Publicador de contenidos

Back to 16_11_16_EDU_inocencio_OPI

Gerardo Castillo Ceballos, School of Education and Psychology

In search of lost innocence

Wed, 16 Nov 2016 11:03:00 +0000 Published in El Confidencial digital

On February 19, 2016, at the age of 89, Harper Lee, the author of the famous autobiographical novel To Kill a Mockingbird, which would go on to win the award Pulitzer Prize, died. Made into a film two years later with the same degree scroll, it won three Oscars.

 The novel describes an episode of racial segregation in the USA: the honest lawyer and family man, Atticus Finch, defends an African-American man, Tom Robinson, falsely accused of the rape of a white woman, in the context of the racist South.

Several children play a major role in the story. The narrator is six-year-old Scout Finch, Atticus' daughter, who lives with her brother Jem. Both are friends with another child, Dill. The three secretly witness Tom's trial from the balcony reserved for blacks and are shocked that the jury judges him guilty, despite his obvious innocence.

The main message of the novel is the problem of the premature loss of innocence, already hinted at in his degree scroll. Atticus warns his sons that, although they can shoot blue jays with his shotgun, they should not shoot nightingales, because "it is a sin to kill a nightingale."

Harper Lee uses the figure of the nightingale to symbolize innocence. A neighbor makes it clear to the girl Scout that nightingales cause no harm to anyone, and that they only do one thing and that is to sing their hearts out to our delight.

The innocence of children is the absence of malice. They lack the experience of evil. Some adults mistakenly see it as a status of ignorance and naivety, which must be corrected as soon as possible; they do not change their minds even in the face of the fact that children are reluctant to abandon the first beliefs that nestle in their fantasy.

It is said that a five year old boy was reproached by a teenager of the same age high school for his belief in the Three Wise Men. The boy, undeterred, replied: "Well, my mother does believe, and she is 40 years old".

Ignorance must be overcome, while innocence must be protected. J. B. Torelló provides a good argument: "The play, laughter and singing of children are not only symbols of spontaneous vitality, forms of expression of their incipient intelligence and personality, but a particularly exemplary realization of human existence that corresponds much more to the Creator's project than our seriousness and our activity".

A child's innocence is not incompatible with small pranks. The humorist Forges describes the status of a mother with her child in the pediatric enquiry : the child jumps continuously and in one of them steps on the doctor, which decisively influences the change of treatment: "we are going to take away the vitamins and give him every six hours a couple of well-delivered cakes".

Juan Ramón Jiménez evoked his own childhood using the symbol of a bird he heard singing in the garden. That garden is the mirror of an innocent and happy childhood:

"Enclosed garden, where a bird sang/through the greenery tinged with melodious golds/soft and fresh breeze, in which came to me/the distant music of the place of bulls."

He also alluded to the innocence linked to fantasy in Platero y yo:

 "What a charm this of childhood imaginations, Platero, which I don't know if you have or have had! Everything comes and goes in delightful bartering; one looks at everything and sees it only as a momentary image of fantasy".

 The Canadian researcher Catherine L'Ecuyer has recently vindicated the importance of innocence, because "we are skipping a necessary stage for the development staff . Minors are not unfinished adults, but children with their own maturity.

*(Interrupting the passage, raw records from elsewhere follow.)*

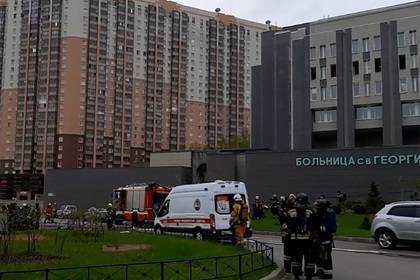 Возгорание аппаратов ИВЛ в Москве и Петербурге объяснили слабой проводкой зданий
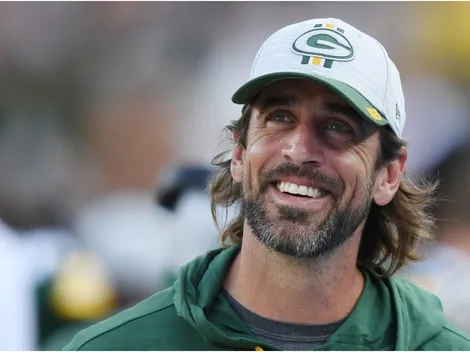 Aaron Rodgers admits he was pretty close to retiring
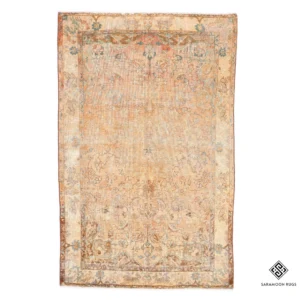 Hand Knotted Tabriz Rug 9 10x6 4 Code 2266 - View 1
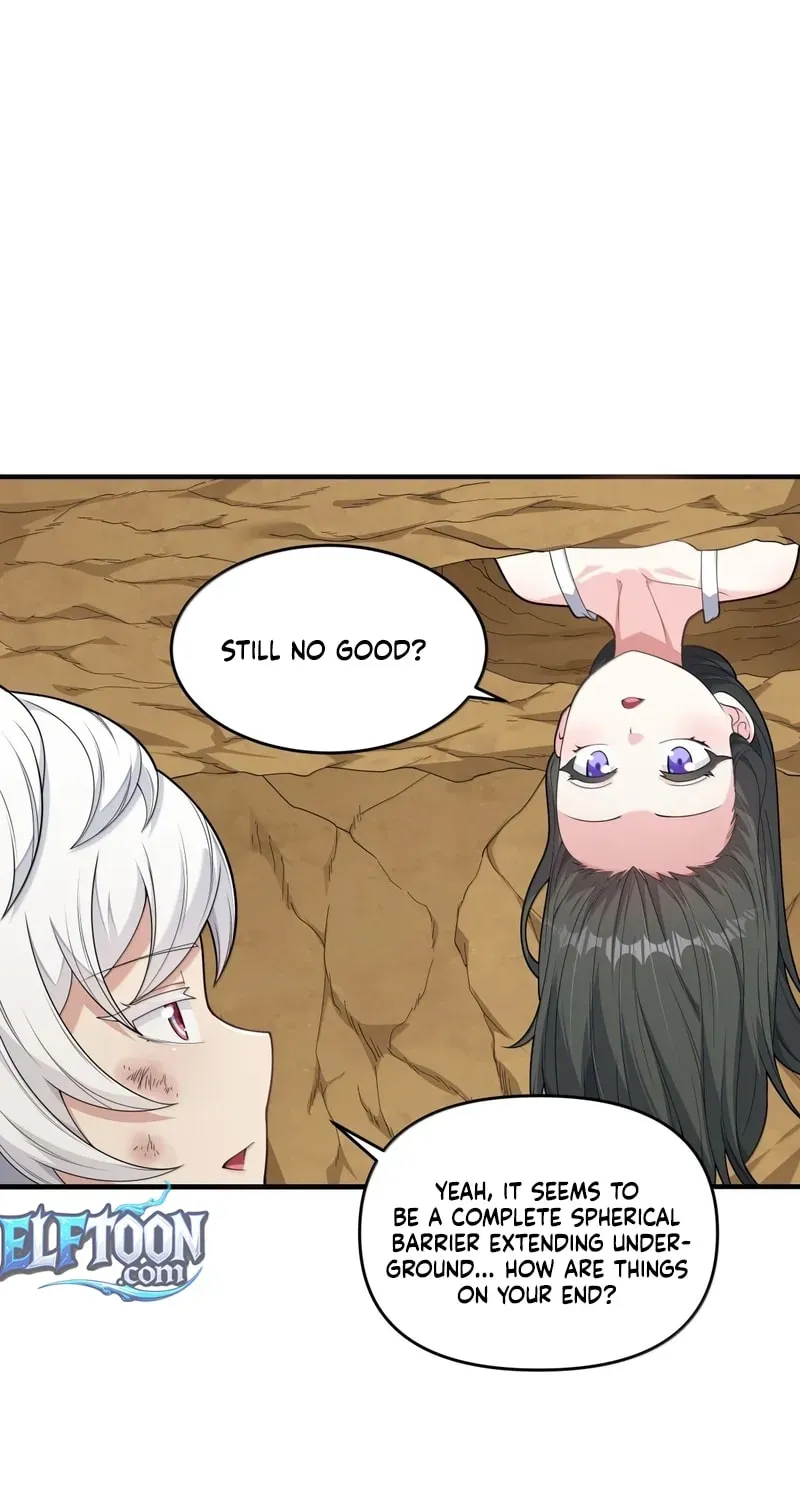 Qikai, Zhege Mofa Shaonü Wo Lai Dang Chapter 36 page 5 - 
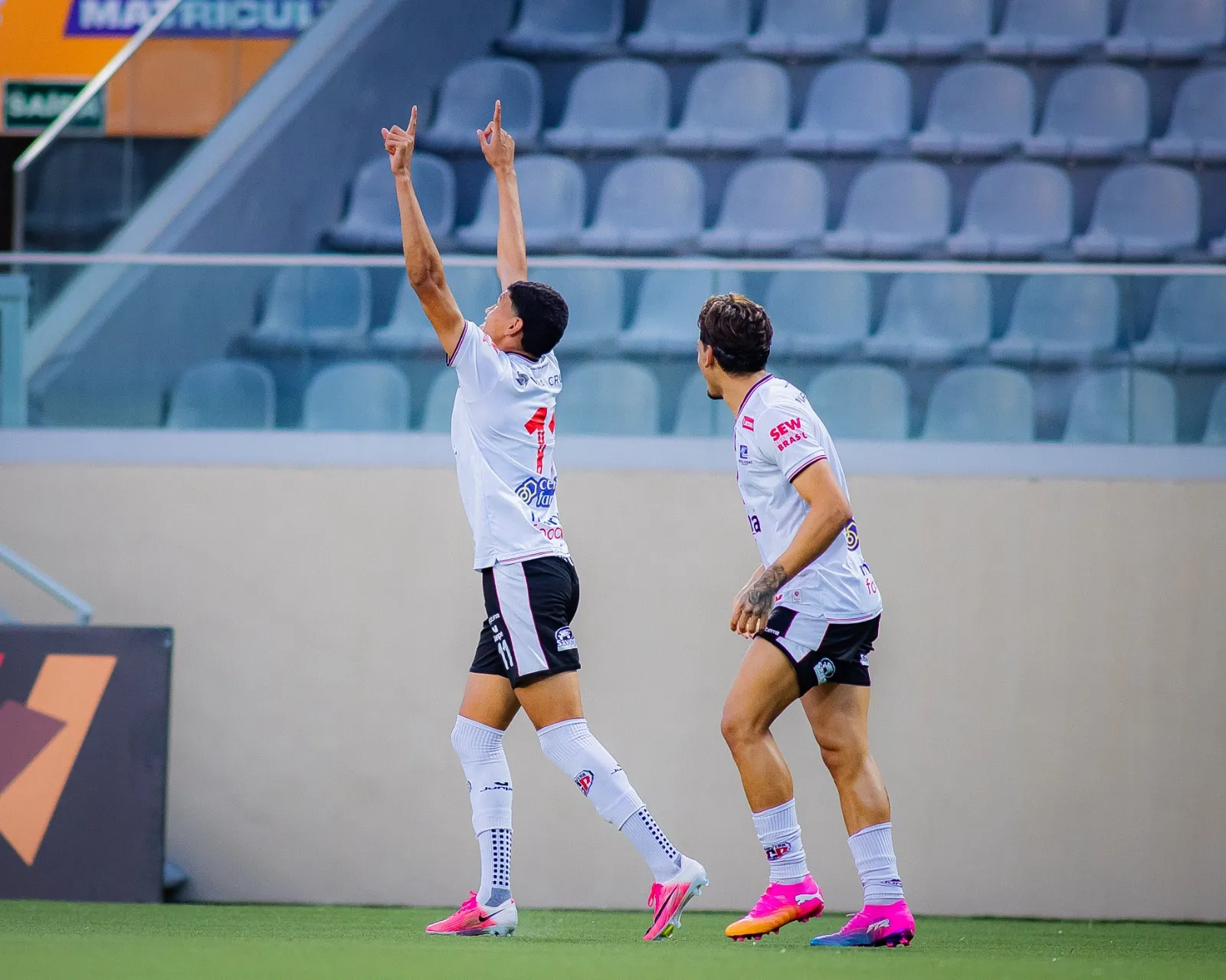 Primavera vence o Juventus por 1 a 0 e assume a liderança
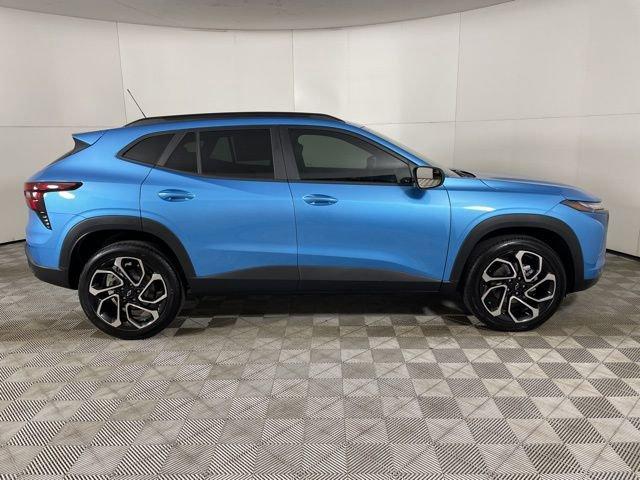 2025 Chevrolet Trax Vehicle Photo in PHOENIX, AZ 85014-3381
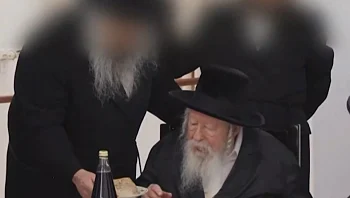 האדמו"ר מגור נגד ישראל: תיעוד חדש מהפגישה הסודית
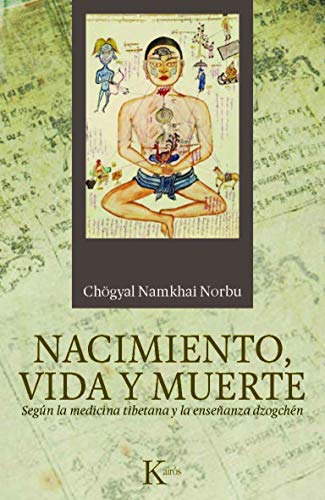 Libro Nacimiento, Vida Y Muerte De Norbu Chögyal Namkhai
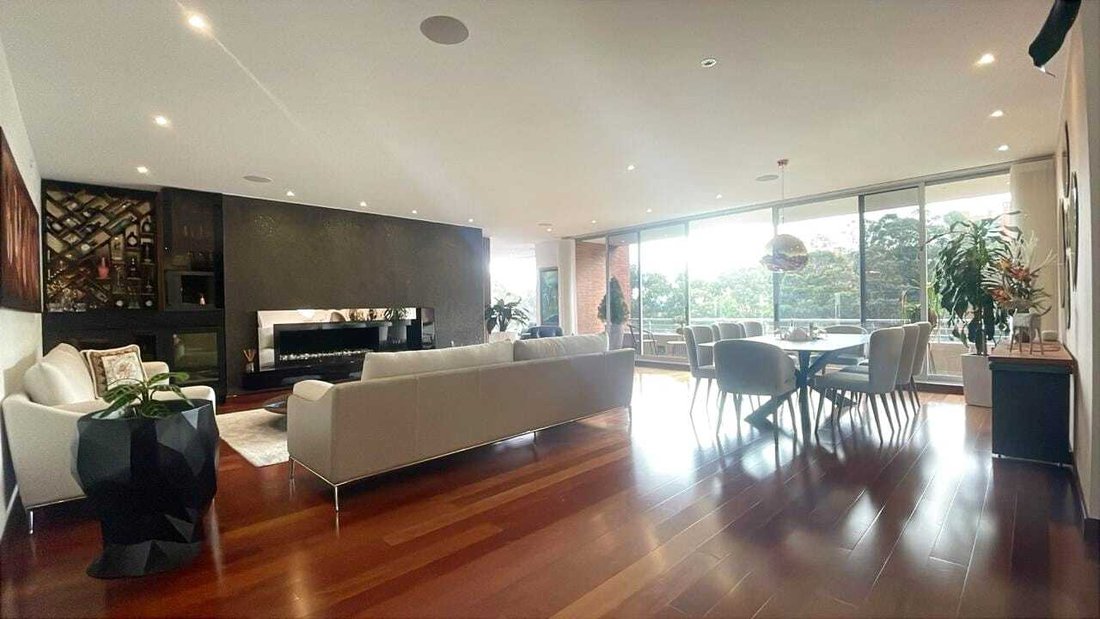 Apartment in Bogota, Bogotá, Colombia 3 - 17248943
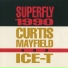 Curtis Mayfield, Ice-T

At that time of life, play, imagination and creativity must be encouraged". He also warned of the risks of shortening childhood, because if it is not lived at the right time, it is lived later, and then infantilism arises in adults.

Skipping the age of innocence is equivalent to silencing a nightingale. To achieve this it is not necessary to kill it; it is enough to lock it in a cage. In the case of the child, this is achieved by throwing him recklessly into the outside world before his time. For example, by allowing him to watch television alone, to enter the Internet without parental control and to entertain himself with video games that incite sex and violence.

The child, if he does not lose his innocence in advance, possesses a set of values that make him model for the life of childhood or spiritual infancy at any age. For example: simplicity, humility, sincerity, trust, audacity, gratitude, perseverance, filial sense and withdrawal.